Assigned task
Look below for the line containing "Martha Graham Quotes: Nobody"; from there through the line containing "YAMAN PROJELERİNİ A HABER'DE ANLATTI", both lines included, please set down each line exactly and nothing else.

Available data
........
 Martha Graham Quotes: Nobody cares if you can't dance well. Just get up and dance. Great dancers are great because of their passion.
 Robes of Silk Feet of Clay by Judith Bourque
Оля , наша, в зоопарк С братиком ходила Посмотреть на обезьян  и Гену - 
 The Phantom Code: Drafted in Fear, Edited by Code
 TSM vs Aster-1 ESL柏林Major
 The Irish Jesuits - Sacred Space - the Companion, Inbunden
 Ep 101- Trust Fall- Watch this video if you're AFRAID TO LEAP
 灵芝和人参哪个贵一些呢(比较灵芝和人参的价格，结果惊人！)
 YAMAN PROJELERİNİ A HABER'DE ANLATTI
........
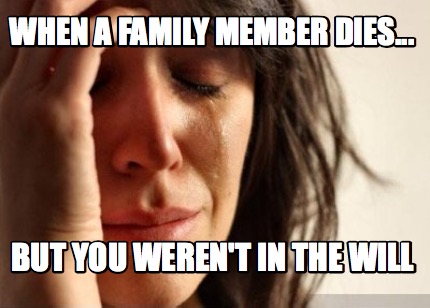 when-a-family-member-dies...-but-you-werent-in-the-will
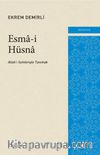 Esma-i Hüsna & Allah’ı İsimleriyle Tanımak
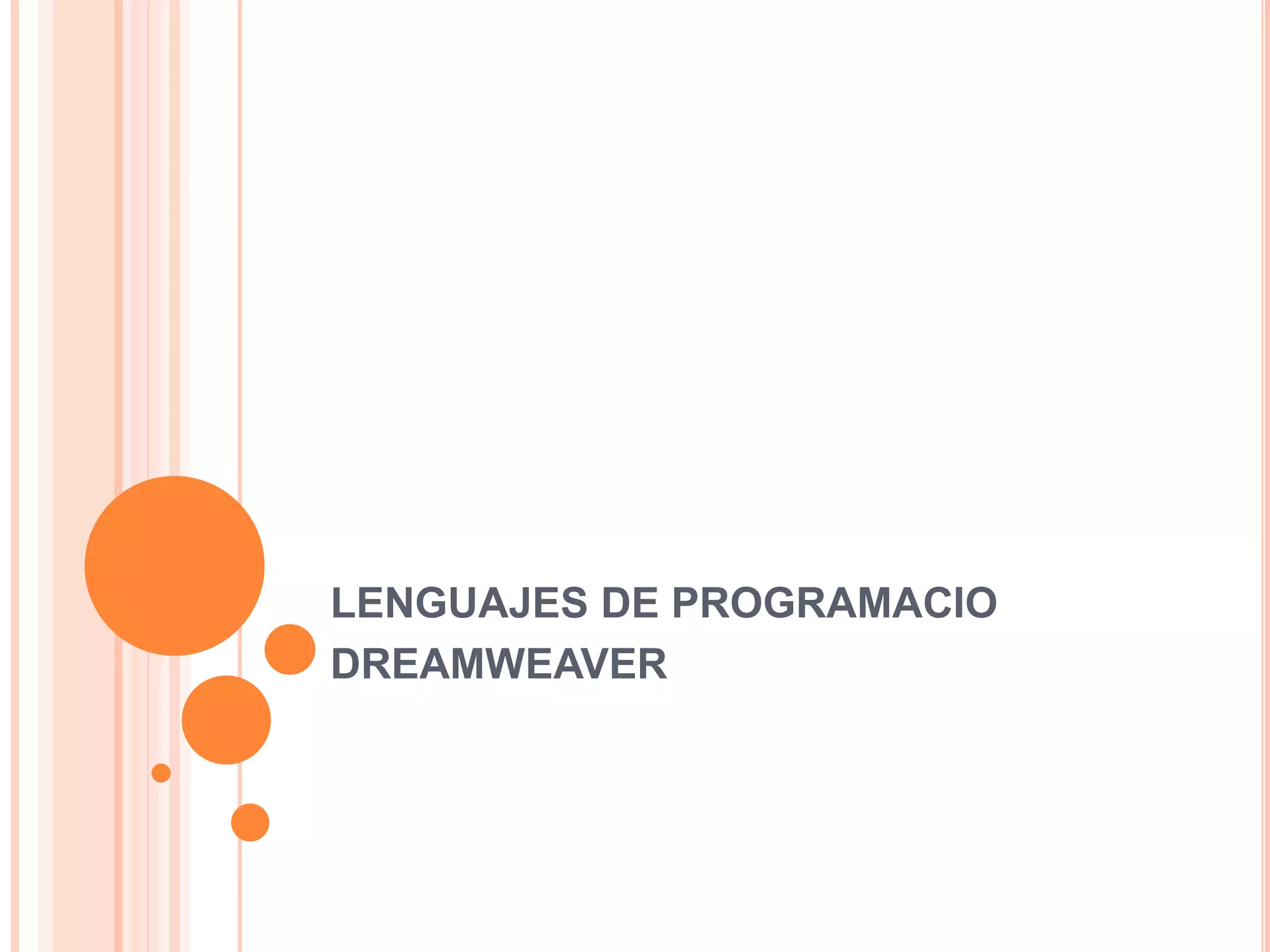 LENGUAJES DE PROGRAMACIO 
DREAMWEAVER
........
Response to this exercise
 Martha Graham Quotes: Nobody cares if you can't dance well. Just get up and dance. Great dancers are great because of their passion.
 Robes of Silk Feet of Clay by Judith Bourque
Оля , наша, в зоопарк С братиком ходила Посмотреть на обезьян  и Гену - 
 The Phantom Code: Drafted in Fear, Edited by Code
 TSM vs Aster-1 ESL柏林Major
 The Irish Jesuits - Sacred Space - the Companion, Inbunden
 Ep 101- Trust Fall- Watch this video if you're AFRAID TO LEAP
 灵芝和人参哪个贵一些呢(比较灵芝和人参的价格，结果惊人！)
 YAMAN PROJELERİNİ A HABER'DE ANLATTI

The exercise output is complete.